WHAT YOU WILL DO ▸ Restate verbatim the span of lines below between the line with "Blue Slim Mid Rise Jeans-image-12" and the line with "Kledingkast Chicago - 50x113,80x191,50", including those two lines, and only that span.

Caption-style text data:
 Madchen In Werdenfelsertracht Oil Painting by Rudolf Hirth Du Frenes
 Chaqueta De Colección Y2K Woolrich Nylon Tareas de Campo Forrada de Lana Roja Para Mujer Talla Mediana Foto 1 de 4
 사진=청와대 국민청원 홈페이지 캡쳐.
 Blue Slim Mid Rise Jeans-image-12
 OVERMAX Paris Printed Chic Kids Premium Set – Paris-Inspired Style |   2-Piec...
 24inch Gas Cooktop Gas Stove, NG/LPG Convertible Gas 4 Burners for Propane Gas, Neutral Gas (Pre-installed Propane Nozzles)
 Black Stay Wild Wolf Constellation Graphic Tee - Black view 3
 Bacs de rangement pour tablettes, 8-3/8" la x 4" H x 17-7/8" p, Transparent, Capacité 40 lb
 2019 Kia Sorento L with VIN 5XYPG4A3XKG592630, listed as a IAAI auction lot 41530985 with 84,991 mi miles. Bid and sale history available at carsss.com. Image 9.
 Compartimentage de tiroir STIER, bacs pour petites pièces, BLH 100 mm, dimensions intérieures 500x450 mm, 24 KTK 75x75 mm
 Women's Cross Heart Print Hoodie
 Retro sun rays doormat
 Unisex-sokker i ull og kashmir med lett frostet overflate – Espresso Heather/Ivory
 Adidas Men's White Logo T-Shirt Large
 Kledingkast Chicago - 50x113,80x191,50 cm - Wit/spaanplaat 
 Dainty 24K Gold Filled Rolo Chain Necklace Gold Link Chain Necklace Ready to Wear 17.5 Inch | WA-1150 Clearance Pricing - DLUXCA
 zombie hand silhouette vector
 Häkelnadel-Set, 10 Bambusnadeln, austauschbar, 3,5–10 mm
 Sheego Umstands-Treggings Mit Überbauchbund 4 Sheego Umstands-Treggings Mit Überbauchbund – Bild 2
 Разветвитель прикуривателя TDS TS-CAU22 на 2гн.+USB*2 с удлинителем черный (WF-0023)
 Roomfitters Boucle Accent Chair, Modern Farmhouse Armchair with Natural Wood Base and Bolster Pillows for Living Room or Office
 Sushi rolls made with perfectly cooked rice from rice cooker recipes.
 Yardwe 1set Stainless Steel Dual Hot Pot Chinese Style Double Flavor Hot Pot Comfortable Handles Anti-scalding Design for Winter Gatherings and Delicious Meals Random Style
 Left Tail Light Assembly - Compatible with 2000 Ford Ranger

OUTPUT FOR THIS EXERCISE ▸
 Blue Slim Mid Rise Jeans-image-12
 OVERMAX Paris Printed Chic Kids Premium Set – Paris-Inspired Style |   2-Piec...
 24inch Gas Cooktop Gas Stove, NG/LPG Convertible Gas 4 Burners for Propane Gas, Neutral Gas (Pre-installed Propane Nozzles)
 Black Stay Wild Wolf Constellation Graphic Tee - Black view 3
 Bacs de rangement pour tablettes, 8-3/8" la x 4" H x 17-7/8" p, Transparent, Capacité 40 lb
 2019 Kia Sorento L with VIN 5XYPG4A3XKG592630, listed as a IAAI auction lot 41530985 with 84,991 mi miles. Bid and sale history available at carsss.com. Image 9.
 Compartimentage de tiroir STIER, bacs pour petites pièces, BLH 100 mm, dimensions intérieures 500x450 mm, 24 KTK 75x75 mm
 Women's Cross Heart Print Hoodie
 Retro sun rays doormat
 Unisex-sokker i ull og kashmir med lett frostet overflate – Espresso Heather/Ivory
 Adidas Men's White Logo T-Shirt Large
 Kledingkast Chicago - 50x113,80x191,50 cm - Wit/spaanplaat 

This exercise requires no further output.